Decoupled Value Insight: Splitting the value in pairwise attention into visual and geometric components for independent aggregation allows for selective fusion of semantics and geometry—a low-cost trick for improving accuracy.
Flow Matching + ZINB Prior: Using a ZINB base distribution to match gene expression sparsity and flow matching for smooth transport naturally introduces generative perspectives into ST prediction, which aligns better with data characteristics than pure regression.
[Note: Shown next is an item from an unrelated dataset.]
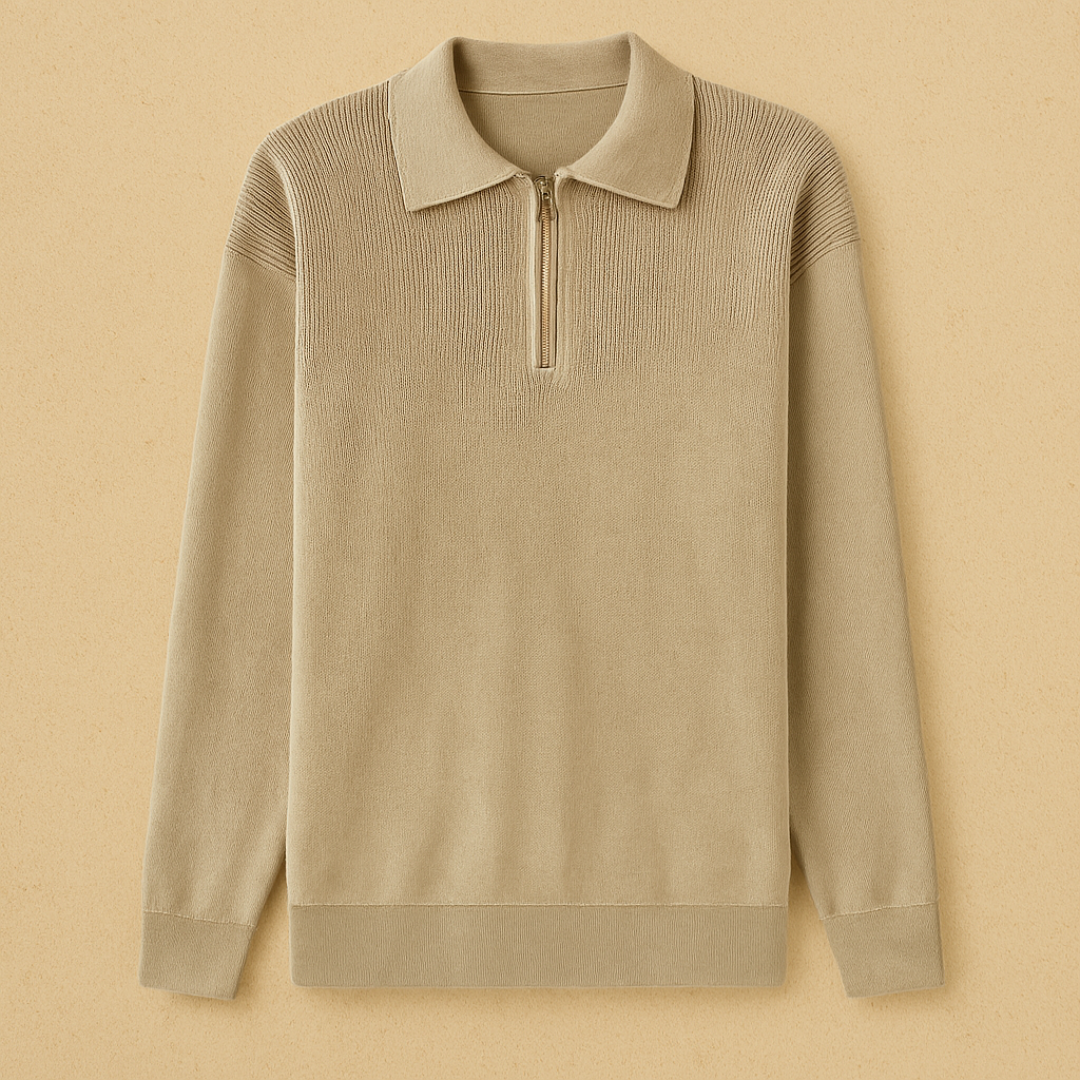 Vemiera | Elegancka dzianinowa koszulka polo z zamkiem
Limitations & Future Work¶

Even on sparse graphs, many-body attention uses ~30% more VRAM than pure pairwise methods (8071 vs 6166 MB). Scalability for even higher-order interactions (quadruplet and above) is not fully explored.
⚠️ Specific formulas for many-body attention (query/key derivation for Incoming/Outgoing, gating terms) rely partly on diagrams; refer to the original text and Appendix for details.
Dependence on a frozen foundation model (UNI) as the image encoder means performance is capped by its representation quality; sensitivity to stronger/weaker backbones is not systematically reported.
Sparse graphs are constructed using distance priors; the impact of neighbor set selection (radius/kNN thresholds) on the coverage of high-order interactions warrants further analysis.
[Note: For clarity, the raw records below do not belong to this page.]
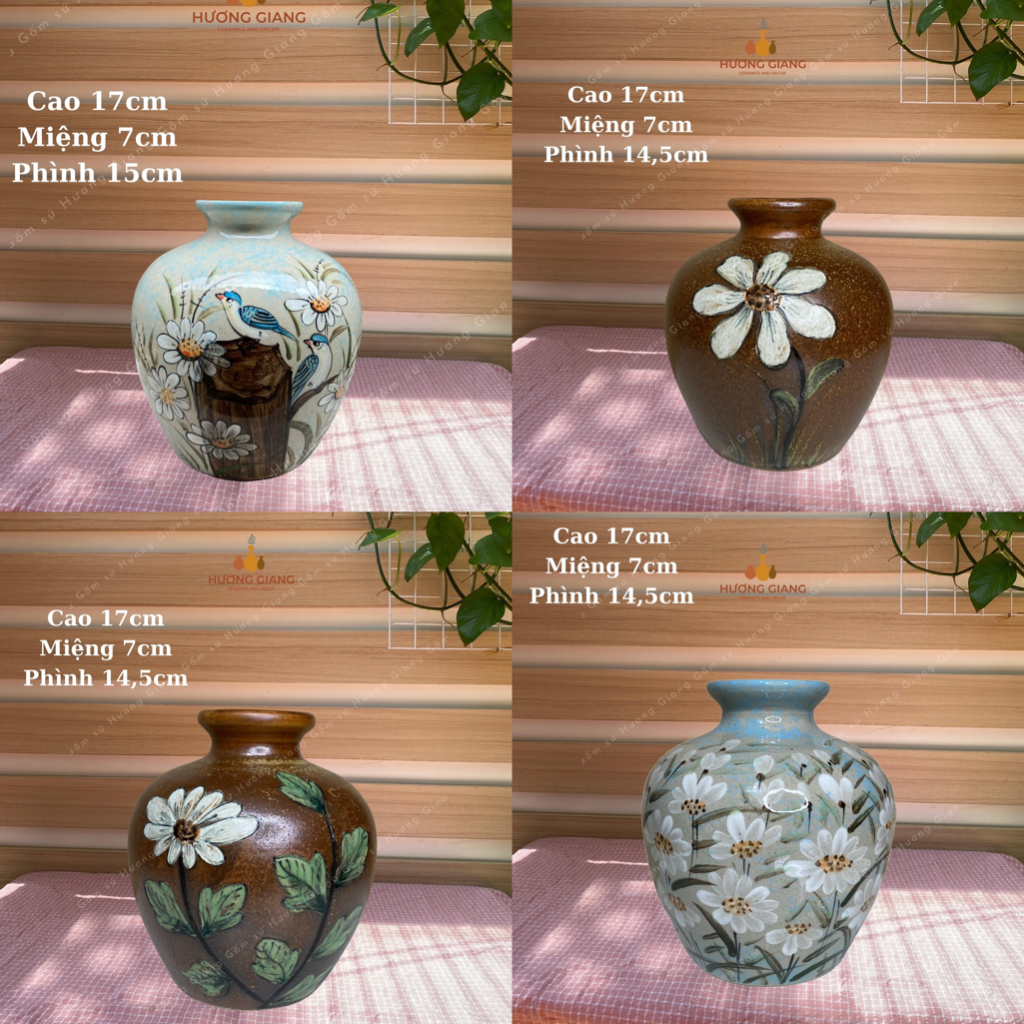 Lọ hoa decor gốm sứ Bát Tràng, bình hoa gốm cắm hoa để bàn – Gốm sứ Hương Giang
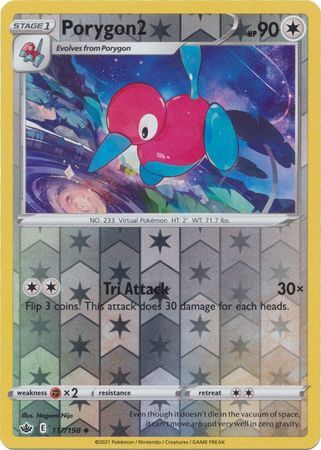 Porygon 2 117/198 SWSH Chilling Reign Reverse Holo Uncommon Pokemon Card TCG Near Mint 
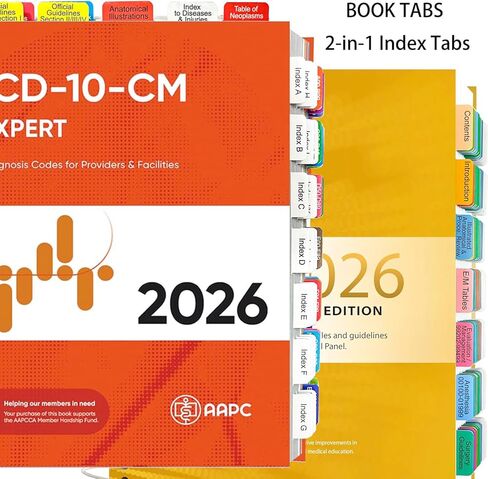 علامات تبويب فهرس جديدة مطورة لإصدار CPT 2026 وICD-10-CM 2026 AAPC، وعلامات تبويب الكتب الكاملة، وعلامات تبويب الكتب المرمزة بالألوان والمغلفة مع علامات الصفحة، ودليل المحاذاة والإشارة المرجعية (الكتاب غير مضمن) in Kuwait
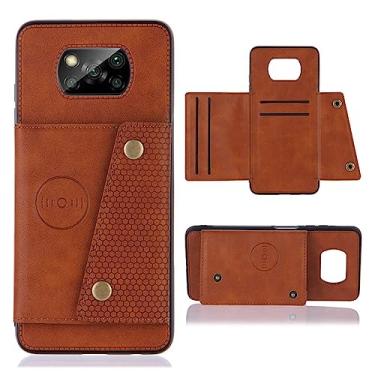 Imagem de Para Xiaomi Poco X3 Pro Case Couro Magnético Titular Carteira Cases Para Poko Poxo Pocco Little X 3 NFC X3Pro Slot para Cartão Capa Traseira, marrom, Para Poco X3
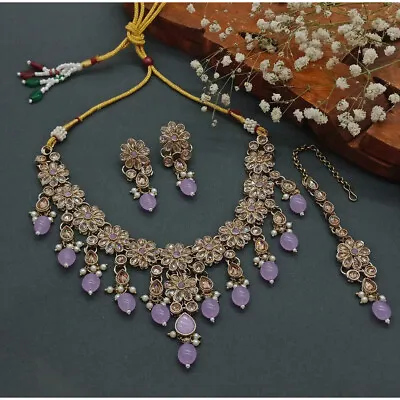 Indian Bollywood Gold Plated Kundan Choker Bridal Necklace Earrings Jewelry Set • $25.19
vs STFlow: Both use flow matching and E(n)-invariant spatial encoding, but STFlow only performs pairwise interactions, underperforming in cancers with complex neighborhood structures. MCToGene provides significant gains in difficult cancers like COAD (average 0.415 \(\to\) 0.435).
vs TRIPLEX: TRIPLEX uses a multi-resolution encoder and feature fusion but remains within a local/pairwise paradigm with high memory costs (16368 MB). MCToGene achieves higher PCC and biomarker correlation with lower overhead.
vs scTensor / scHyper: These works also model high-order cell communication (tensors/hypergraphs) but scHyper stems from non-spatial scRNA-seq, lacking spatial constraints. MCToGene integrates high-order modeling into spatial tissue contexts while controlling combinatorial explosion, making it more suitable for WSI-scale ST prediction.

Rating¶

Novelty: ⭐⭐⭐⭐ Explicitly introducing many-body attention and hierarchical coupling to ST prediction is clear and well-targeted, though high-order modeling has precedence in graph learning.
Experimental Thoroughness: ⭐⭐⭐⭐⭐ Large datasets across multiple cancers, covering both gene expression and biomarker tasks, complete with ablation, overhead comparison, and visualization. Reports mean ± variance over three seeds.
Writing Quality: ⭐⭐⭐⭐ Clear progression from motivation to method. The many-body attention section is dense and diagram-dependent, making it slightly challenging for a first read.
Value: ⭐⭐⭐⭐ Inferring spatial expression from inexpensive H&E has strong application value. The many-body modeling and scalable design are practically meaningful for real WSI-scale deployment.